In this way, Polish-American Catholics celebrate Wigilia on Christmas Eve. It’s one of the strongest links we have to our Polish roots. Part of the meal includes pickled herring, and in the home country, carp would be the main dish, as it is abundant there.

But in Arizona, where much of my family lives, we never serve carp for Christmas Eve. It’s too difficult to get. So, our main Wigilia course is always varied; sometimes it’s grilled salmon dressed in a marinade, other times it’s fried white fish. One year, my brother-in-law made swordfish steamed in banana leaves.

This year, I’ll be making Wigilia for our family, and after reading a bit about the Italian Christmas Eve Feast of the Seven Fishes, also a meatless meal, I’ve decided to go a bit Italian with the main course.

One recipe from food writer and photographer Carla Capalbo drew my attention for its simple ingredients and preparation and its festive look. I’ll be making an adapted version of her Baked Cod with Garlic Mayonnaise for our Christmas Eve table.
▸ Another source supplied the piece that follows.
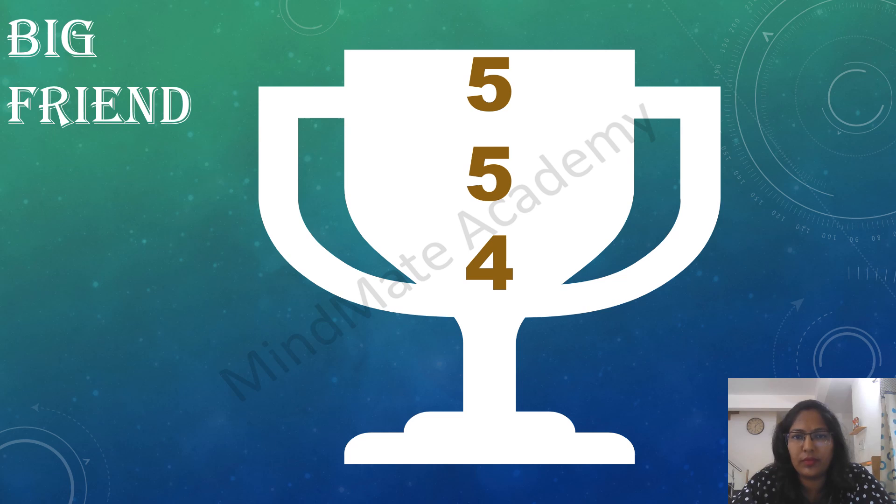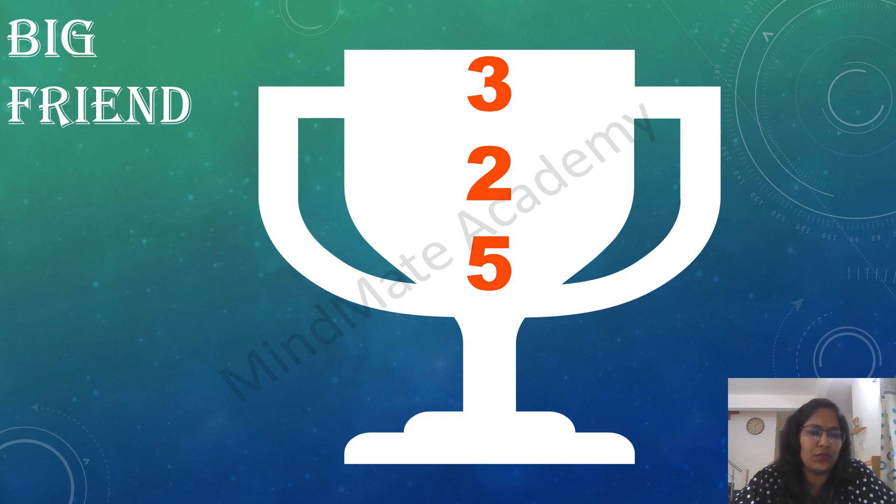5 plus 5 plus 4. 6 plus 5 plus 4. 7 plus 5 plus 3, 8 plus 5 plus 2, 9 plus 5 plus 1, 1 plus 4 plus 5. 2 plus 3 plus 5, 3 plus 2 plus 5, 4 plus 1 plus 5, 1 plus 7 plus 5.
It will be my homage to immigrant chefs worldwide, to those that continue to spread the recipes of family and friends, to those that continue to draw together faith traditions and food.


Prep time: 15 minutes

Cook time: 20-25 minutes Servings: 4

Garlic Mayonnaise


  • 2 cloves garlic
  • 2 egg yolks
  • 1 teaspoon Dijon mustard
  • a squeeze of fresh lemon juice
  • 3/4 cup extra virgin olive oil
  • salt and freshly ground black pepper


  • Mash the garlic cloves into a paste in a mortar or small bowl.
  • Beat in the egg yolks, mustard and lemon juice.
  • Add the oil in a thin stream while beating vigorously with a wire whisk.
  • The mayonnaise should be thick and smooth.
  • Season with a pinch of salt and a few grinds of pepper.
  • Cover and keep cool.

Baked Cod


  • 4 white anchovy fillets
  • 6 tablespoons chopped flat leaf parsley
  • 6 tablespoons extra virgin olive oil
  • 4 cod fillets, skinned, about 1 1/2 lbs. total
  • 1/3 cup plain breadcrumbs
  • coarsely ground black pepper


  • Preheat the oven to 400 F.
  • Place anchovies and parsley on a cutting board and mince them together.
  • In a small bowl mix the minced anchovies and parsley with three tablespoons of oil and a few turns of ground black pepper.
  • Stir into a paste.
  • Place the cod fillets in one layer in an oiled baking dish.
  • Spread the anchovy-parsley paste on top of the fillets.
  • Sprinkle them with the breadcrumbs and then the remaining oil.
  • Bake for 20-25 minutes, or until the breadcrumbs are golden.
  • Serve hot with the garlic mayonnaise.

Recipe adapted from “The Italian Cooking Encyclopedia” by Carla Capalbo, et al.